The test of the Orion spacecraft will focus on testing the craft for reentry into Earth's atmosphere. It will launch from Cape Canaveral, Florida, make two orbits around the Earth and then make a water landing.
NASA hopes to fly the crew capsule about once or twice a year through the 2020s and to fly a manned mission to an asteroid by 2025, but exact plans for when and where the new craft's first mission will be are not yet set.
The tests will help the agency develop a spacecraft that can survive 32,000 kilometre per hour speeds and return astronauts safely to Earth, said Bill Gerstenmaier, who heads human exploration and operations for NASA.
The space agency did not specify what rocket would be used for the test, but the heavy-lift rocket that is being designed to carry the spacecraft to distant locales is not due to have its first test flight until 2017.
NASA retired its ageing space shuttle fleet earlier this year and is shifting attention to working with commercial companies to fly astronauts to the International Space Station and other destinations in low-Earth orbit.

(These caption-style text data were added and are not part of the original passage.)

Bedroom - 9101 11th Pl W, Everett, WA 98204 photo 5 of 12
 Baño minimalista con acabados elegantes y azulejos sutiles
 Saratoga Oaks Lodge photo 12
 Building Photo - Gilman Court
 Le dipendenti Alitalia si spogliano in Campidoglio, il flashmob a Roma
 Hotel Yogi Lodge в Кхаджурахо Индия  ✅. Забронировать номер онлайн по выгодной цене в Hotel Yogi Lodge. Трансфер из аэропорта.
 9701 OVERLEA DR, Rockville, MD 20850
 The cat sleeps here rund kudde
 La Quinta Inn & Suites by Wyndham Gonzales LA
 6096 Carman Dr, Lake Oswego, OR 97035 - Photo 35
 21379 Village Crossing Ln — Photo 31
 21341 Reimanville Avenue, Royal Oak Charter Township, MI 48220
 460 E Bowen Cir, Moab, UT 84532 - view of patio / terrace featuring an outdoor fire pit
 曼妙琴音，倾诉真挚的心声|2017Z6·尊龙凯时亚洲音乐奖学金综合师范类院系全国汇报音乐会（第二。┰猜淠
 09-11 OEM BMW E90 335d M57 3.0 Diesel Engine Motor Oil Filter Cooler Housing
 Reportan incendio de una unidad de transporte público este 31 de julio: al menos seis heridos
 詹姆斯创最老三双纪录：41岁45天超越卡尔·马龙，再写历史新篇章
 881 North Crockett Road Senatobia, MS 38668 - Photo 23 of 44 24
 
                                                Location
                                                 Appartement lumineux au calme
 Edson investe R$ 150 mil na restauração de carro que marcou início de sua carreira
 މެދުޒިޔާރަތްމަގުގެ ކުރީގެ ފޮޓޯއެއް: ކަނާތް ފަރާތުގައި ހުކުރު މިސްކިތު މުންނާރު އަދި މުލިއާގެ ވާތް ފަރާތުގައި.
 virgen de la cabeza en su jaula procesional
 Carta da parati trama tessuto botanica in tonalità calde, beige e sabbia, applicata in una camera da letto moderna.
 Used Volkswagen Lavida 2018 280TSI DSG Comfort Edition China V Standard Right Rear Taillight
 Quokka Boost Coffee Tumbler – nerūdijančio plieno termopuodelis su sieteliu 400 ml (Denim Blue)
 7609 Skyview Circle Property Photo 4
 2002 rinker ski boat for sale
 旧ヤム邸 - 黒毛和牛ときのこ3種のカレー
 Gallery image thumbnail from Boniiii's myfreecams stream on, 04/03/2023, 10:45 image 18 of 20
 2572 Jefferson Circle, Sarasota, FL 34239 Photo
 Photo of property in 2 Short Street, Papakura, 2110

Those moves freed up the space agency to focus on developing its own Orion spacecraft capable of travelling to more distant destinations.
'President Obama and Congress have laid out an ambitious space exploration plan, and NASA is moving out quickly to implement it,' NASA Associate Administrator for Communications David Weaver said in a statement. 'This flight test will provide invaluable data to support the deep space exploration missions this nation is embarking upon.'
The Orion craft replaces an earlier capsule of the same name that was part of an effort announced by former president George W Bush that focussed on returning to the moon.